◆ DATA EXTRACT ◆
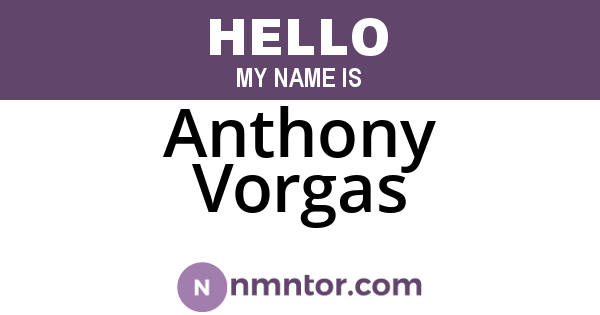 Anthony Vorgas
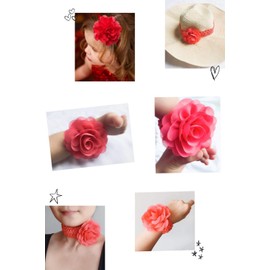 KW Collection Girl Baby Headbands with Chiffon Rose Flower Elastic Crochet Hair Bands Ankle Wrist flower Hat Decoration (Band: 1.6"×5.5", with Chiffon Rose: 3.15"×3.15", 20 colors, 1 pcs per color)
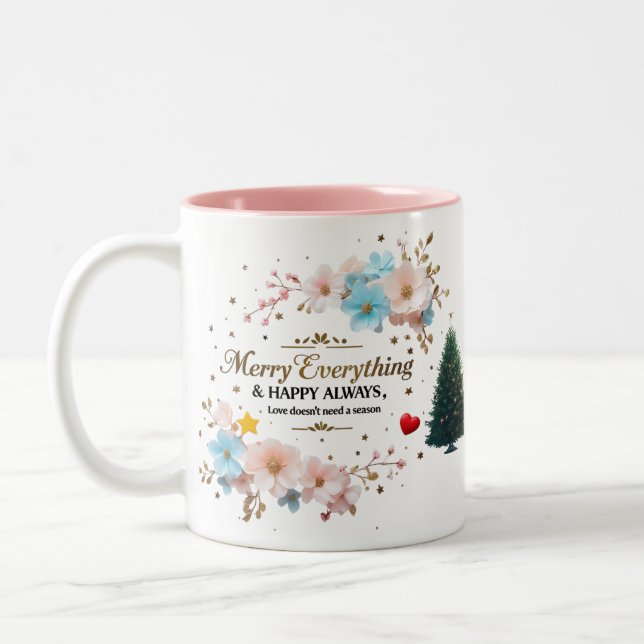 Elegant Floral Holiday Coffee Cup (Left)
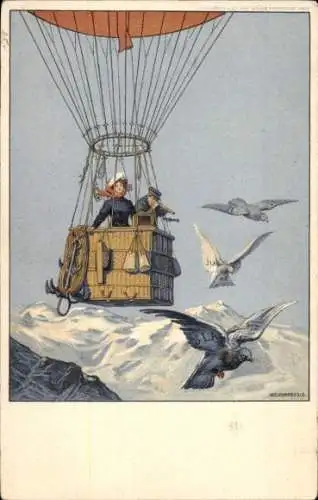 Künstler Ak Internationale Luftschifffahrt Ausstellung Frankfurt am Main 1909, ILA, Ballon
* * *
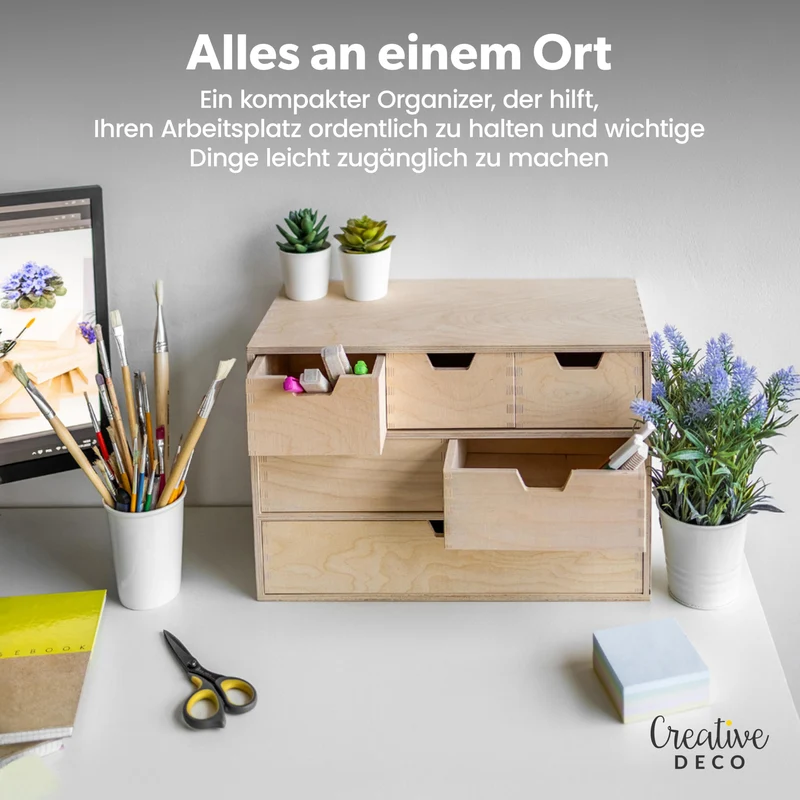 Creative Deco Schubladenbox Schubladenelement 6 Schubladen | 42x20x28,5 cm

◆ TASK BRIEF ◆
An exact copy is needed of the stretch above that opens with the line containing "Anthony Vorgas" and closes with the line containing "Künstler Ak Internationale"; the pictures are not part of it.

◆ RESULT FOR THIS TASK ◆
 Anthony Vorgas
 KW Collection Girl Baby Headbands with Chiffon Rose Flower Elastic Crochet Hair Bands Ankle Wrist flower Hat Decoration (Band: 1.6"×5.5", with Chiffon Rose: 3.15"×3.15", 20 colors, 1 pcs per color)
 Elegant Floral Holiday Coffee Cup (Left)
 Künstler Ak Internationale Luftschifffahrt Ausstellung Frankfurt am Main 1909, ILA, Ballon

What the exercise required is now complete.